The Radbaz died in Safed in 1573 at the age of 94, and was buried in the Safed Old Jewish Cemetery.

==Works==
- Divrei David ("Words of David") – containing decisions and chiddushim (original Torah thoughts) on Maimonides' Mishneh Torah, published by Joseph Zamiro, together with his own work, Hon Yosef ("Wealth of Joseph"), Livorno, 1828.
- Yekar Tiferet ("Honor of Excellency") – containing answers to the criticisms of Abraham ben David on Maimonides' Mishneh Torah and commentaries on those passages in that work which the Maggid Mishneh of Vidal of Tolosa overlooks; of these commentaries, the portions on Hafla'ah and Zera'im were published in Smyrna in 1757, and the remaining portions in the Vilna edition of the Mishneh Torah, 1890.
- Kelalei ha-Gemara ("Rules of the Gemara") – a methodology of the Talmud, published in the collection Me-Harere Nemarim of Abraham ben Solomon Akra, Venice, 1599.
- Ohr Kadmon ("Pristine Light") – a Kabbalistic work, edited by Moses Hagiz, Venice, 1713.
- Magen David ("Shield of David") – a mystical explanation of the Hebrew alphabet opposing Recanati and Rabbi Judah Ḥayyaṭ, edited by Chagis, Amsterdam, 1713.
- Metzudat David ("The Bulwark of David") – revealing reasons for the 613 commandments according to the four methods of explanation known as the "Pardes system" (Zolkiev, 1862).
- Michtam le-David ("David's Poem") – Kabbalistic homilies on the Song of Songs, still extant in manuscript.
- Keter Malkut ("Crown of Royalty") – prayers for Yom Kippur, first published with the above-mentioned Ohr Kadmon, reprinted in the Shevet Musar of Elijah ben Abraham Solomon ha-Kohen of Smyrna, and finally inserted by Heidenheim in the ritual for the eve of Yom Kippur.
- Gilui le-Idrot – a commentary on the Idrot with notes by Rabbi Chaim Vital, still extant in manuscript in the Abarbanel Library in Jerusalem.
- Dinei Rabba ve-Zuta ("The Great and Small Decisions") – a commentary on the Shulkhan Arukh.
- Shivim Panim la-Torah ("Seventy Faces to the Torah") – the latter two works are mentioned in the preface of Magen David.

The Radbaz's responsa are his greatest contribution to Jewish literature; parts of it were published in Livorno, 1651 (Nos. 1–300); Venice, 1799 (Nos. 1–318); Fürth, 1781 (Nos. 400–649); Livorno, 1818 (Nos. 2051–2341). A complete edition of the responsa was published in Sudzilkow, 1836.
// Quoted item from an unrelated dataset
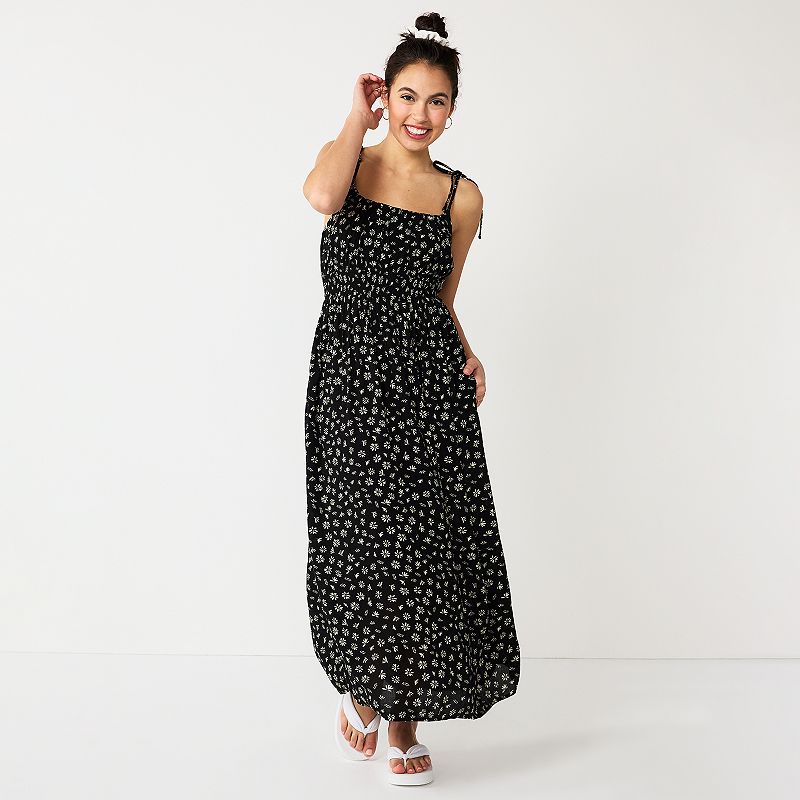 black and white formal dresses for juniors Juniors' SO® Tie Shoulder Maxi Dress New Years Outfit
- Questions & Responsa (a collection of responsa written by Rabbi David ibn Abi Zimra, published in 2 vols., in seven parts) (Venice, 1749), reprinted in Israel, n.d.
==Bibliography==
- Israel M. Goldman, The Life and Times of Rabbi David Ibn Abi Zimra: A Social, Economic, and Cultural Study of Jewish Life in the Ottoman Empire in the 15th and 16th Centuries as Reflected in the Responsa of the RDBZ, New York, The Jewish Theological Seminary of America, 1970.